GIVEN INFORMATION

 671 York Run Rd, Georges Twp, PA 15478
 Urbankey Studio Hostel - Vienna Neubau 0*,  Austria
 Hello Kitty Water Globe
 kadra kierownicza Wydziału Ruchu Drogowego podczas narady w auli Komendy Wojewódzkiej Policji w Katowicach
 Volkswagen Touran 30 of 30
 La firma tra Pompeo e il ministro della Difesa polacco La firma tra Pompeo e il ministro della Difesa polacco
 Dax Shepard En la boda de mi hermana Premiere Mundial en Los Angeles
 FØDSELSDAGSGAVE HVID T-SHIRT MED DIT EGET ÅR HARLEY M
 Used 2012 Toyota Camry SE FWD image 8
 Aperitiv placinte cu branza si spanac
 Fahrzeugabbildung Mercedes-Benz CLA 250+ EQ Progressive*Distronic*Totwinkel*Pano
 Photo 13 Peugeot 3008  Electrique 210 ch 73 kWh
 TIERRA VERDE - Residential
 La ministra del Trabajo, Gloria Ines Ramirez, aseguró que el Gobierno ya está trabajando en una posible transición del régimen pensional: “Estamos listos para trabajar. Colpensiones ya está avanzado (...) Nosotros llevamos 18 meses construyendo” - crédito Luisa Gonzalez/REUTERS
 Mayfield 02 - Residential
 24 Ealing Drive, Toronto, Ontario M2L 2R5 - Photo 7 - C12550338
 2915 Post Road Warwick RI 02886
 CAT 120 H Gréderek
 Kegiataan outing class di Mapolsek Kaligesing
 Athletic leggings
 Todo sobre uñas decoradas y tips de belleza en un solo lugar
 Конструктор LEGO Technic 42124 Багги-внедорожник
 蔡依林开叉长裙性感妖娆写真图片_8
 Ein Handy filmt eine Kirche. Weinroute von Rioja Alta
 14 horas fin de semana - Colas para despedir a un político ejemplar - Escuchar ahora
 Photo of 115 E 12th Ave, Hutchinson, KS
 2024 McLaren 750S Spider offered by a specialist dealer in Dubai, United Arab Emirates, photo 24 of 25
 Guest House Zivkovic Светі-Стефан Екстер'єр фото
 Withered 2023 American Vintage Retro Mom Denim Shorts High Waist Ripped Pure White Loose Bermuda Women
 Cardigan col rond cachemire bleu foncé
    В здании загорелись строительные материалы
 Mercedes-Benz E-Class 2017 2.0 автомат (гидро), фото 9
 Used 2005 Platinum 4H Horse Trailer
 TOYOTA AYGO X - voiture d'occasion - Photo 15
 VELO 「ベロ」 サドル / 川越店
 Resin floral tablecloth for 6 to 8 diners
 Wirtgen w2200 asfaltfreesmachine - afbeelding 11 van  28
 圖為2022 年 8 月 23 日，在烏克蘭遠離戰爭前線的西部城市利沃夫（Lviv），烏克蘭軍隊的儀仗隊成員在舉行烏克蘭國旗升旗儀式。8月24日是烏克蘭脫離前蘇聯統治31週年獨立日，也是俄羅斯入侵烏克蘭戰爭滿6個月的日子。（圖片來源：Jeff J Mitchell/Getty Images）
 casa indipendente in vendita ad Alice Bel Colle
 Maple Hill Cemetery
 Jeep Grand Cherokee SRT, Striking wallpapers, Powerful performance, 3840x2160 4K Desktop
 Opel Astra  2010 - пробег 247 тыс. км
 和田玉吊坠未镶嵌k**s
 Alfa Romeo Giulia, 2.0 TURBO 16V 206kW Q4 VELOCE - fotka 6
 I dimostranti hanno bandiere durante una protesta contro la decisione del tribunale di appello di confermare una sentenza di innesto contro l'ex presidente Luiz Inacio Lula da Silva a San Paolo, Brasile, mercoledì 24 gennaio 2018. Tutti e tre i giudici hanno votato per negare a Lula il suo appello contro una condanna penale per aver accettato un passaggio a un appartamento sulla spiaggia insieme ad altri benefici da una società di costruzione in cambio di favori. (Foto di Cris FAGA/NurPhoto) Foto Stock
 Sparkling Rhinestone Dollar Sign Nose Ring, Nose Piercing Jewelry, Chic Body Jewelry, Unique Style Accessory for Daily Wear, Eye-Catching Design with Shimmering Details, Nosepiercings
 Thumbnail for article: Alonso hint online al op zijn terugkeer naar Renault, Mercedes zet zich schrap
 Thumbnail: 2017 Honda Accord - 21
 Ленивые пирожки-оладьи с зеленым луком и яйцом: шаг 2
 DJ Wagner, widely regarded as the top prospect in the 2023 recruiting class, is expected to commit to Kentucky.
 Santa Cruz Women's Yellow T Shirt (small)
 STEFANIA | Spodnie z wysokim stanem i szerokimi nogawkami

EXERCISE
With nothing added or dropped, reproduce all the data exactly.

ANSWER BOX
 671 York Run Rd, Georges Twp, PA 15478
 Urbankey Studio Hostel - Vienna Neubau 0*,  Austria
 Hello Kitty Water Globe
 kadra kierownicza Wydziału Ruchu Drogowego podczas narady w auli Komendy Wojewódzkiej Policji w Katowicach
 Volkswagen Touran 30 of 30
 La firma tra Pompeo e il ministro della Difesa polacco La firma tra Pompeo e il ministro della Difesa polacco
 Dax Shepard En la boda de mi hermana Premiere Mundial en Los Angeles
 FØDSELSDAGSGAVE HVID T-SHIRT MED DIT EGET ÅR HARLEY M
 Used 2012 Toyota Camry SE FWD image 8
 Aperitiv placinte cu branza si spanac
 Fahrzeugabbildung Mercedes-Benz CLA 250+ EQ Progressive*Distronic*Totwinkel*Pano
 Photo 13 Peugeot 3008  Electrique 210 ch 73 kWh
 TIERRA VERDE - Residential
 La ministra del Trabajo, Gloria Ines Ramirez, aseguró que el Gobierno ya está trabajando en una posible transición del régimen pensional: “Estamos listos para trabajar. Colpensiones ya está avanzado (...) Nosotros llevamos 18 meses construyendo” - crédito Luisa Gonzalez/REUTERS
 Mayfield 02 - Residential
 24 Ealing Drive, Toronto, Ontario M2L 2R5 - Photo 7 - C12550338
 2915 Post Road Warwick RI 02886
 CAT 120 H Gréderek
 Kegiataan outing class di Mapolsek Kaligesing
 Athletic leggings
 Todo sobre uñas decoradas y tips de belleza en un solo lugar
 Конструктор LEGO Technic 42124 Багги-внедорожник
 蔡依林开叉长裙性感妖娆写真图片_8
 Ein Handy filmt eine Kirche. Weinroute von Rioja Alta
 14 horas fin de semana - Colas para despedir a un político ejemplar - Escuchar ahora
 Photo of 115 E 12th Ave, Hutchinson, KS
 2024 McLaren 750S Spider offered by a specialist dealer in Dubai, United Arab Emirates, photo 24 of 25
 Guest House Zivkovic Светі-Стефан Екстер'єр фото
 Withered 2023 American Vintage Retro Mom Denim Shorts High Waist Ripped Pure White Loose Bermuda Women
 Cardigan col rond cachemire bleu foncé
    В здании загорелись строительные материалы
 Mercedes-Benz E-Class 2017 2.0 автомат (гидро), фото 9
 Used 2005 Platinum 4H Horse Trailer
 TOYOTA AYGO X - voiture d'occasion - Photo 15
 VELO 「ベロ」 サドル / 川越店
 Resin floral tablecloth for 6 to 8 diners
 Wirtgen w2200 asfaltfreesmachine - afbeelding 11 van  28
 圖為2022 年 8 月 23 日，在烏克蘭遠離戰爭前線的西部城市利沃夫（Lviv），烏克蘭軍隊的儀仗隊成員在舉行烏克蘭國旗升旗儀式。8月24日是烏克蘭脫離前蘇聯統治31週年獨立日，也是俄羅斯入侵烏克蘭戰爭滿6個月的日子。（圖片來源：Jeff J Mitchell/Getty Images）
 casa indipendente in vendita ad Alice Bel Colle
 Maple Hill Cemetery
 Jeep Grand Cherokee SRT, Striking wallpapers, Powerful performance, 3840x2160 4K Desktop
 Opel Astra  2010 - пробег 247 тыс. км
 和田玉吊坠未镶嵌k**s
 Alfa Romeo Giulia, 2.0 TURBO 16V 206kW Q4 VELOCE - fotka 6
 I dimostranti hanno bandiere durante una protesta contro la decisione del tribunale di appello di confermare una sentenza di innesto contro l'ex presidente Luiz Inacio Lula da Silva a San Paolo, Brasile, mercoledì 24 gennaio 2018. Tutti e tre i giudici hanno votato per negare a Lula il suo appello contro una condanna penale per aver accettato un passaggio a un appartamento sulla spiaggia insieme ad altri benefici da una società di costruzione in cambio di favori. (Foto di Cris FAGA/NurPhoto) Foto Stock
 Sparkling Rhinestone Dollar Sign Nose Ring, Nose Piercing Jewelry, Chic Body Jewelry, Unique Style Accessory for Daily Wear, Eye-Catching Design with Shimmering Details, Nosepiercings
 Thumbnail for article: Alonso hint online al op zijn terugkeer naar Renault, Mercedes zet zich schrap
 Thumbnail: 2017 Honda Accord - 21
 Ленивые пирожки-оладьи с зеленым луком и яйцом: шаг 2
 DJ Wagner, widely regarded as the top prospect in the 2023 recruiting class, is expected to commit to Kentucky.
 Santa Cruz Women's Yellow T Shirt (small)
 STEFANIA | Spodnie z wysokim stanem i szerokimi nogawkami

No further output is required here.